JANJA (D), AO LADO DE DILMA ROUSSEFF - Esquerda mainstream com sabor de pieguice.
Diferente das esquerdas de 1961-1964 que foram impulsionadas pelo governo Kubitschek e que, mesmo dotada de eventuais ingenuidades, estava com os pés no chão, as esquerdas lulistas de hoje, bem mais do que entre 2003 e 2016, vivem flutuando nas nuvens.
O nível de pieguice já teve ensaio quando as esquerdas aceitaram os "brinquedos culturais" que a direita moderada extraiu do culturalismo da ditadura militar - mais precisamente a Era Geisel - ofereceu e tentou ressignificar para os tempos democráticos de então. Eram valores supostamente positivos que, em tese, faziam o povo pobre sorrir e que, mesmo próprios do imaginário paternalista da direita, tentaram uma associação forçada com o esquerdismo.
"Médiuns espíritas" que simbolizavam tradições de religiosidade marcadas por uma suposta filantropia e um pretenso pacifismo, ídolos cafonas que simbolizavam a pretensa consolação das frustrações do povo pobre e mulheres-objetos que simbolizavam a "alegria" e a "vivacidade" da "mulher brasileira" eram empurrados para o imaginário esquerdista através de um discurso persuasivo associado a uma cosmética simbólica desprovida de raiva e aparente intolerância social.
Isso fez uma diferença muito negativa nas esquerdas médias de hoje em relação às dos tempos de Jango. E fez com que as esquerdas hoje se tornassem subservientes, aceitando como aliado qualquer direitista que lhe apertasse a mão, falasse palavras "mágicas" como "interatividade", "caridade", "paz", "mobilidade urbana", "resiliência" e, ultimamente, "democracia" e prometesse fazer o pobre sorrir.

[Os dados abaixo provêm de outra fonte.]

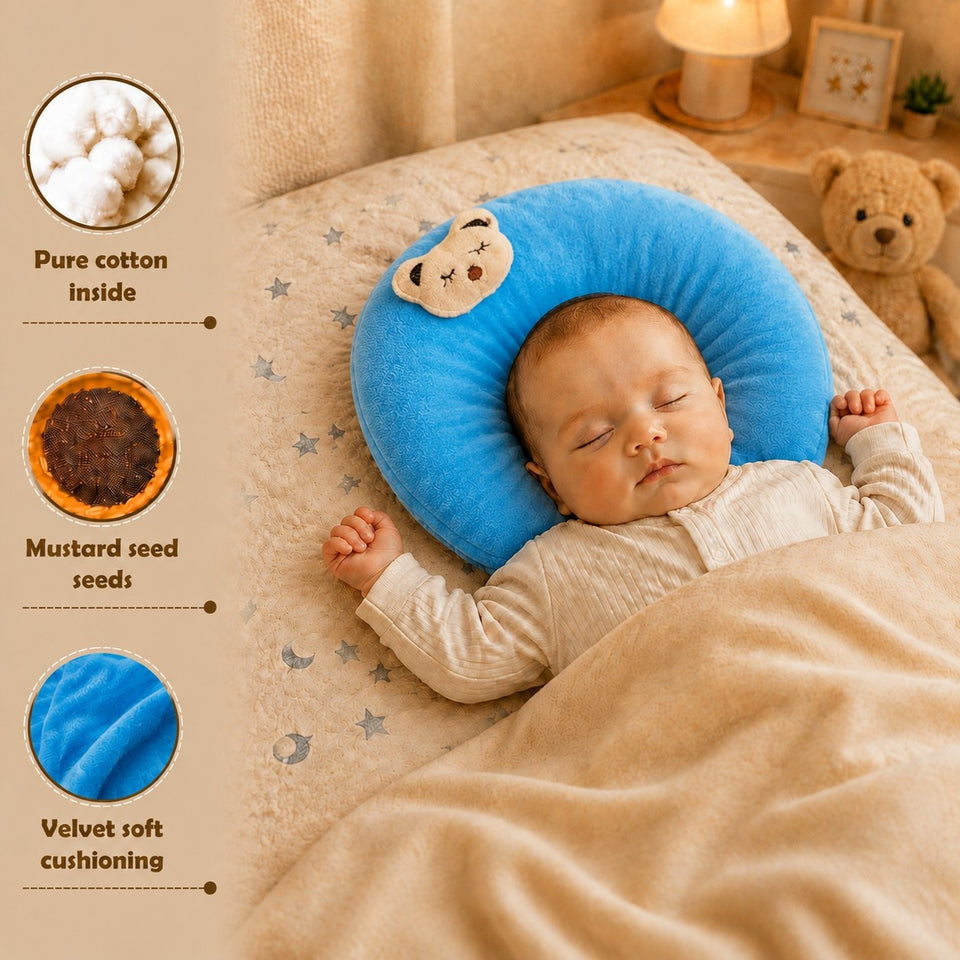 Fareto New Born Baby U-Shaped Super Soft Mustard Pillow(0-3 Months)(L-25CM, B-25CM)(F204)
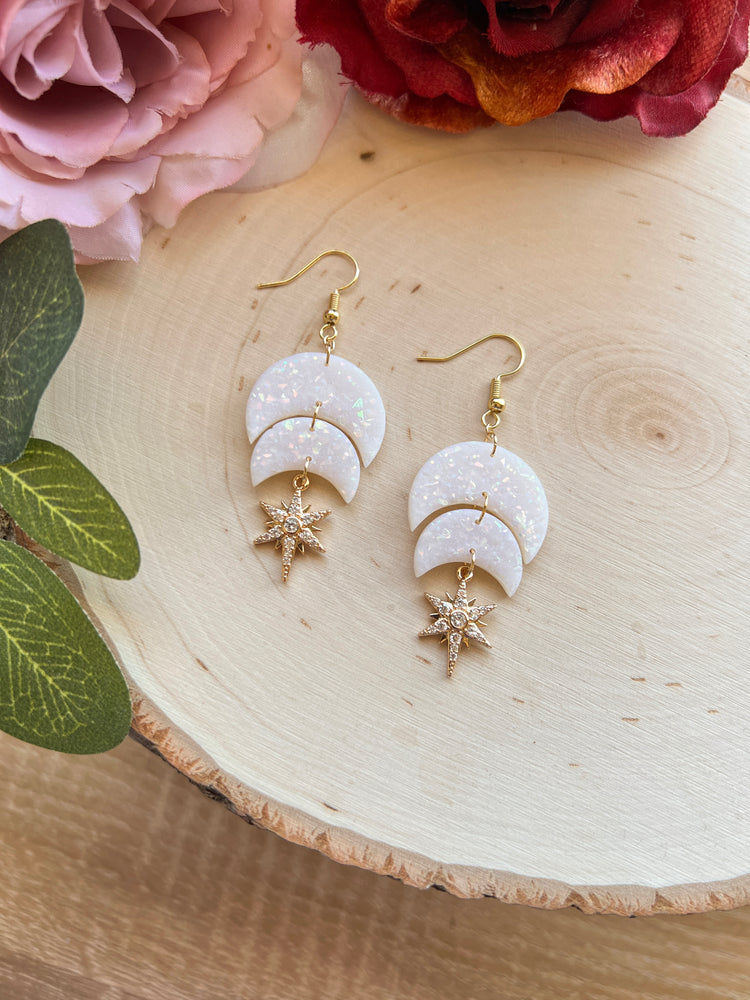 Opal Double Moon Dangles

E aí vemos o quanto essas esquerdas, na verdade pessoas de classe média abastada e antigos esquerdistas de raiz que foram emancipados, se tornaram obedientes e com uma certa ojeriza ao senso crítico, enquanto sonham em extrair o que há de "positivo" no mundo da direita para enxertar, como prótese, no imaginário esquerdista.
Esse sentimentalismo mostra o quanto está ruim, hoje, as esquerdas tomarem o poder, marcadas hoje por um ranço piegas antes inimaginável. Não é preciso pensar muito para ver que, na "festa democrática" do lulismo, estão também os excluídos dessa "doutrina da inclusão".
Os excluídos são os miseráveis da vida real, que sentem que viver em favelas ou em ruas não é a "vida cor de rosa" da dita "campanha contra o preconceito" da intelectualidade bacana. Outros barrados no baile lulista também são o proletariado raiz, que não aderiu ao peleguismo, o campesinato, os solteiros convictos que não aceitam fazer papel de imbecis nas redes sociais, e os intelectuais genuínos e cientistas, marcados pelo pensamento crítico, pelo estudo investigativo e pelas pesquisas aprofundadas diversas.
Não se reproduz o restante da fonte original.